All of a sudden... people want my dye work.

It's pretty funny in a way. When I first started working at this job I was still carrying around my tie dye in my car because I'd go every weekend to the Farmers Market. When the season ended I offered up to co-workers a bunch of shirts at $5. Not my best stuff, more like the stuff no one else wanted.

A year and some later, I don't have much of the clearance stuff left. And I've sent off most everything else, including new stuff, to a consignment shop.

So what happens? We get a new gal at work who loves my shirts. I've done 2 for her.... told her she didn't have to take em if she didn't like em... she was vague on what she wanted. No, she snapped em up. So then 2 other ladies want me to do dyed shirts for them.

And now I've got orders for 10 shirts AT WORK. Thankfully no one is in a rush. I only dye on weekends, and it pretty much has to be LWI when it's cold... Even tho I tie stuff up and then set it into a bucket, it's basically LWI. And that is what everyone loves... you can get "classic" tie dye anywhere I guess... but one of a kind shirts? Only from me around here.

It does figure that one older gal wants me to make 3 the same color and style. No rush... it's something she does for Christmas every year. (buys matching shirts for the 3 remaining women in her family, she's included) I did explain to her that my method didn't guarantee that all 3 would come out exactly the same, but as long as the basic colors are the same she's okay.
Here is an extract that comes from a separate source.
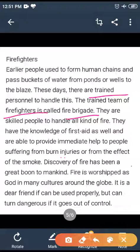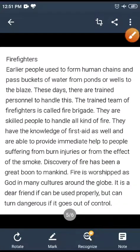The discovery of fire has been a great boon to mankind. Fire is worshipped as God in many cultures around the globe. It is a dear friend if used properly, but can turn dangerous if it goes out of control. If we tackle it well, it is a very good friend; if we can't control it, it will be deadly and dangerous.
Still have an ongoing order for shirts for another friend.. so I guess I'll be busy for a while on weekends. It's just funny. And I'm probably too cheap.

hugs,
Vyx

This is great

Vyxxan, you're lucky! You have a market to keep you 'visiting the muse' and yet no overhead or having to tend the more technical parts of online sales and the like.

I dye shirts for friends for $5 (their shirt) because I work for an Indian tribe and its a tradition to give tees for teamwork such as ice storm mitigation crews, healthy nation 5K runs, voting GOTV, etc. So folks have shirts they want to keep. I save up and do about a dozen at once, all one day.

And here's a tradition: For each niece going off to college at OU, with my mother and sis we make a Tshirt quilt and dye some of the more garish athletic, senior, etc. souvenir shirts.

This is fun: I made tiedyes for Save The Illinois River and this weekend at the river festival we sold $750 of them! It was a lucky mix of great screenprint art, good colored very different and diverse tees, and the perfect eco conscious audience.